→ Exercise directions: Leave the pictures behind and reproduce every line of the listing exactly.

→ Provided material:
= = = = = = =

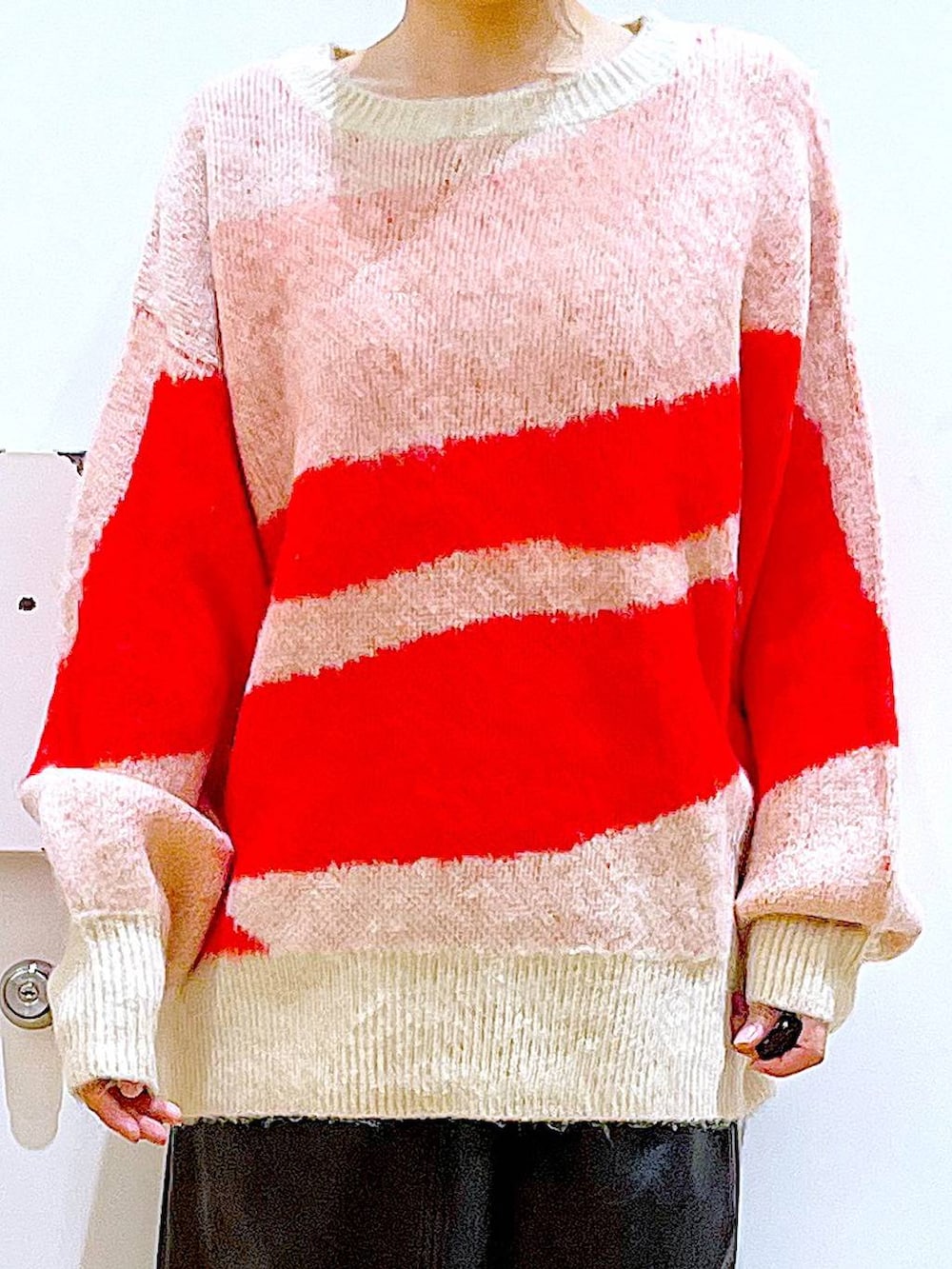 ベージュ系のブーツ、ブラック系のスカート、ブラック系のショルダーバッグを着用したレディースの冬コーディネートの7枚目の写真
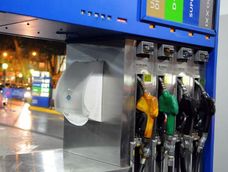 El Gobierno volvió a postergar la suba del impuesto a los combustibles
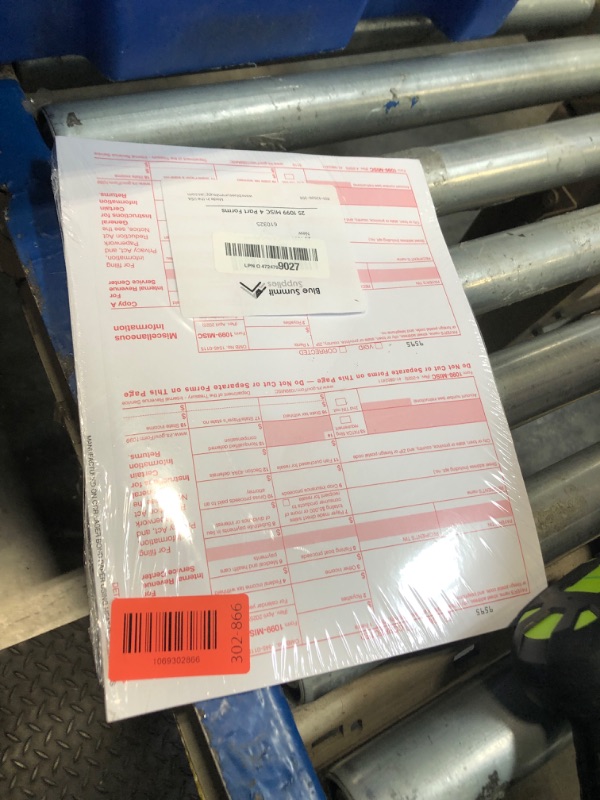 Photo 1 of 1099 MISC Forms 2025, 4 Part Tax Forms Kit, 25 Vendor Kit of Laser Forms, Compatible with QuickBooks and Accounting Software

= = = = = = =

→ Task result:
 ベージュ系のブーツ、ブラック系のスカート、ブラック系のショルダーバッグを着用したレディースの冬コーディネートの7枚目の写真
 El Gobierno volvió a postergar la suba del impuesto a los combustibles
 Photo 1 of 1099 MISC Forms 2025, 4 Part Tax Forms Kit, 25 Vendor Kit of Laser Forms, Compatible with QuickBooks and Accounting Software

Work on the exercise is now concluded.